Programming the Perl DBI by Tim Bunce and Alligator Descartes covers the Perl Database Interface (DBI). The DBI is a generic interface to most popular database servers. If you need more than I covered in this chapter, you probably need DBI. I could have covered SQLite, an extremely lightweight, single-file relational database in this chapter, but I access it through the DBI just as I would any other database so I left it out. It’s extremely handy for quick persistence tasks, though.

The BerkeleyDB module provides an interface to the BerkeleyDB library, which provides another way to store data. It’s somewhat complex to use but very powerful.

Alberto Simões wrote “Data::Dumper and Data::Dump::Streamer” for The Perl Review 3.1 (Winter 2006).

Vladi Belperchinov-Shabanski shows an example of Storable in “Implementing Flood Control” for Perl.com.

Randal Schwartz has some articles on persistent data: “Persistent Data”, Unix Review, February 1999; “Persistent Storage for Data”, Linux Magazine, May 2003; and “Lightweight Persistent Data”, Unix Review, July 2004.

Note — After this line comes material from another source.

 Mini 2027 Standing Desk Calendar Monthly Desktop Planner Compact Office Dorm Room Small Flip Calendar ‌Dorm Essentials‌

The JSON website explains the data format, as does RFC 4627. JavaScript: The Definitive Guide has a good section on JSON. I also like the JSON appendix in JavaScript: The Good Parts.

Randal Schwartz wrote a JSON parser as a single Perl Regex.

The YAML website has link to all the YAML projects in different languages.

There’s a set of Stack Overflow answers to “Should I use YAML or JSON to store my Perl data?” which discuss the costs and benefits of YAML, JSON, and XML.

Steffen Müller writes about Booking.com’s development of Sereal in “Sereal—a binary data serialization format”.

The documentation for AnyDBM_File discusses the various implementations of DBM files.